CO₂ Savings
How the engine estimates the CO₂ reduction achieved by solar panels and batteries, and how to translate it into tangible equivalents.
The formula
CO₂ savings are derived from the difference in grid electricity between the baseline and optimized scenarios:
annual_co2_savings_kg = (baseline_grid_import - optimized_grid_import) × emission_factor
The grid import values come from the 8,760-hour simulation. Every kWh of solar energy consumed on-site (or stored in a battery for later use) is a kWh not drawn from the grid.
Emission factor
The engine uses a fixed Dutch grid emission factor:
emission_factor = 0.4 kg CO₂ / kWh
This value represents the average carbon intensity of the Dutch electricity grid. It is applied uniformly across all hours — the engine does not use hourly marginal emission factors.

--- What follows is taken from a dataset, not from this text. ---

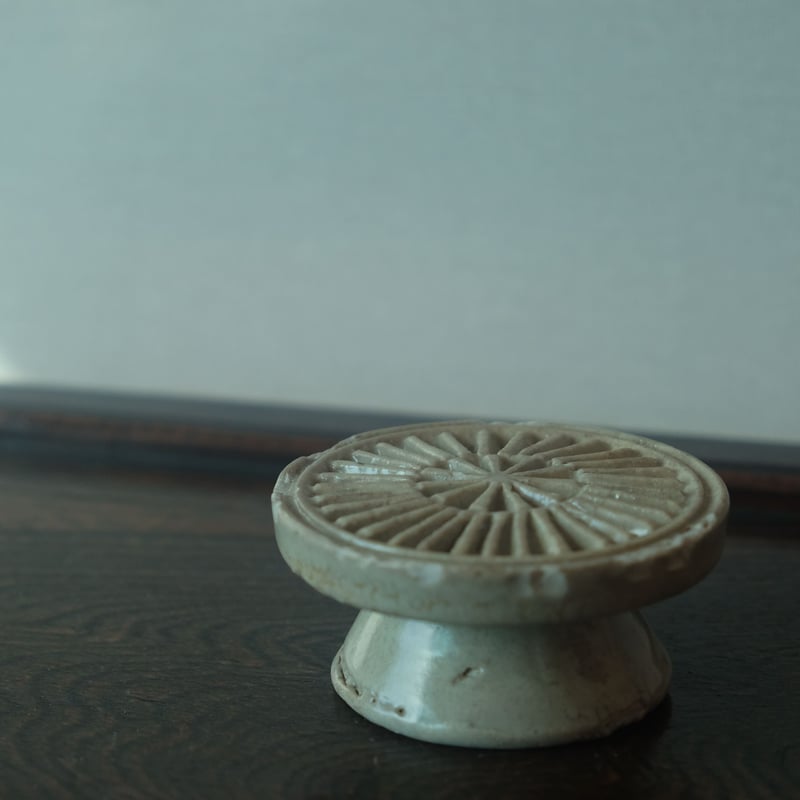 李朝 白磁餅型 李氏朝鮮時代 | gallery & boutique 雪月花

The 0.4 kg/kWh figure is a rounded average. Actual grid emissions vary by hour (coal-heavy hours can exceed 0.6 kg/kWh, wind-heavy hours can drop below 0.1 kg/kWh). Using a fixed factor provides a stable, reproducible estimate.
Real-world equivalents
The API response includes several equivalents to make CO₂ savings tangible for end users:
| Equivalent | Conversion | Meaning |
|---|---|---|
| Trees planted | co2_savings_kg / 21 | An average tree absorbs ~21 kg CO₂ per year |
| Car km avoided | co2_savings_kg / 0.12 | An average car emits ~0.12 kg CO₂ per km |
| Flights avoided | co2_savings_kg / 255 | A one-way AMS–BCN flight emits ~255 kg CO₂ per passenger |
Example
A system that reduces grid import by 3,000 kWh/year:
- Name
co2_savings- Type
- kg/year
- Description
3,000 × 0.4 = 1,200 kg
- Name
trees_equivalent- Type
- trees
- Description
1,200 / 21 = 57 trees
- Name
car_km_equivalent- Type
- km
- Description
1,200 / 0.12 = 10,000 km
- Name
flights_equivalent- Type
- flights
- Description
1,200 / 255 = 4.7 flights
Response excerpt
{
"co2": {
"annualSavingsKg": 1200,
"equivalents": {
"treesPlanted": 57,
"carKmAvoided": 10000,
"flightsAvoided": 4.7
}
}
}
Lifecycle projection
The scan result also provides a 25-year lifecycle projection:
lifetime_co2_savings_kg = annual_co2_savings_kg × 25
The 25-year horizon matches the typical warranty and expected lifespan of modern solar panels. The projection assumes:
- Constant annual consumption pattern
- No panel degradation (conservative: real panels degrade ~0.5%/year)
- Constant grid emission factor
As the grid becomes greener over time, the marginal CO₂ benefit of solar will decrease. The lifecycle projection is a conservative upper bound based on today's grid mix.